The Abu Dhabi Investment Authority (ADIA), said to be the world's richest sovereign wealth fund with USD 627bn of assets, lowered its target exposure to developed market stocks in 2012 to a range of 32%-42% from 35%-45% the year before, the fund said in its latest annual review published on May 27. ADIA also reduced its minimum exposure to Europe across its asset portfolio to 20% in 2012 from 25% a year earlier but kept its maximum allocation unchanged at 35%.
ADIA said it maintained its exposure to emerging market stocks in a 10%-20% range but underscored rising interest. "Economic leadership is passing to emerging markets, not just as their weight in the global economy passes 50%, but as their share of likely future global growth moves far higher," Hamed Bin Zayed al-Nahayan, ADIA's managing director said in the review.
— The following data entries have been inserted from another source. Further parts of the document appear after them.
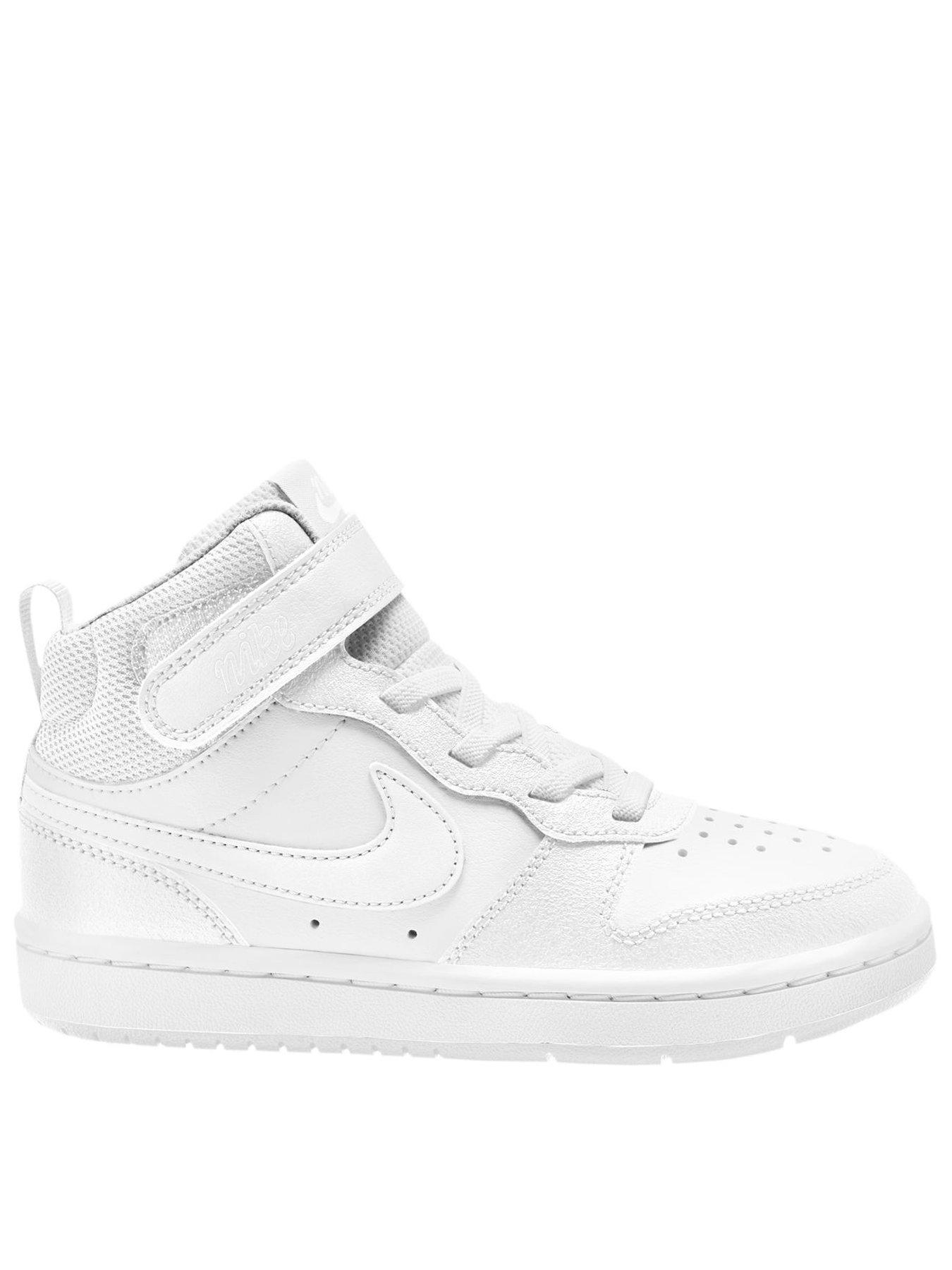 Nike Little Kids Nike Court Borough Mid 2 Trainers - White
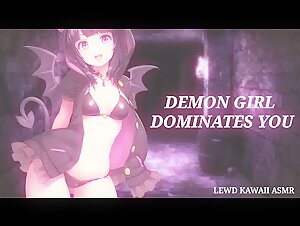 Demon Girl Dominates you (Sound Porn) (English ASMR)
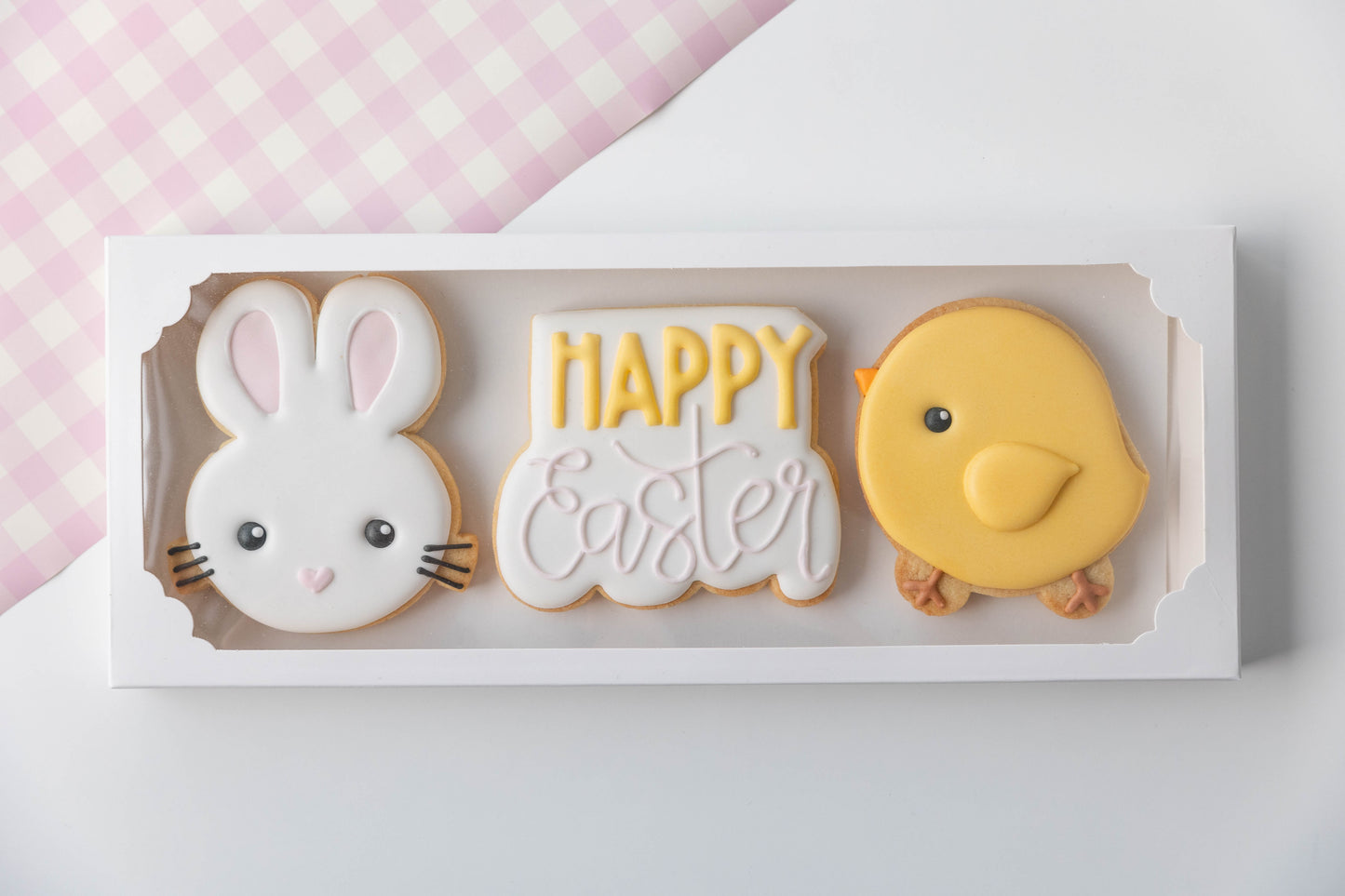 HAPPY EASTER- BUNNY & CHICK- BOXED SET OF 3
“Emerging economies share a set of important supports to growth: rapid growth in productivity, favourable demographics, lower levels of debt and leverage, improving institutional frameworks and endowments of natural resources. These countries are diverse, and their individual prospects may vary, but as a bloc they continue to offer exciting and attractive opportunities to deploy capital,” he noted.
ADIA also upped its exposure limit on Chinese equities to USD 500mn in Q3 2012 from the previous USD 200mn cap. In USD terms, the 20-year and 30-year annualised rates of return for the ADIA portfolio were 7.6% and 8.2% respectively, as of 31 December 2012.
ADIA noted that roughly 75% of its portfolio was run by external asset managers, down from 80% in 2011. The fund was upbeat on the bond market, saying that equities will remain attractive “as bond yields are low and investors are ready to take on more risk.” ADIA began allocating money to non-investment grade bonds and was looking for external managers for such assets, the review showed.
ADIA was established in 1976 to manage the oil wealth of the Abu Dhabi emirate. The fund has increased its infrastructure-related portfolio in recent years, seeking to diversify away from volatile financial services especially after the financial crunch in 2009.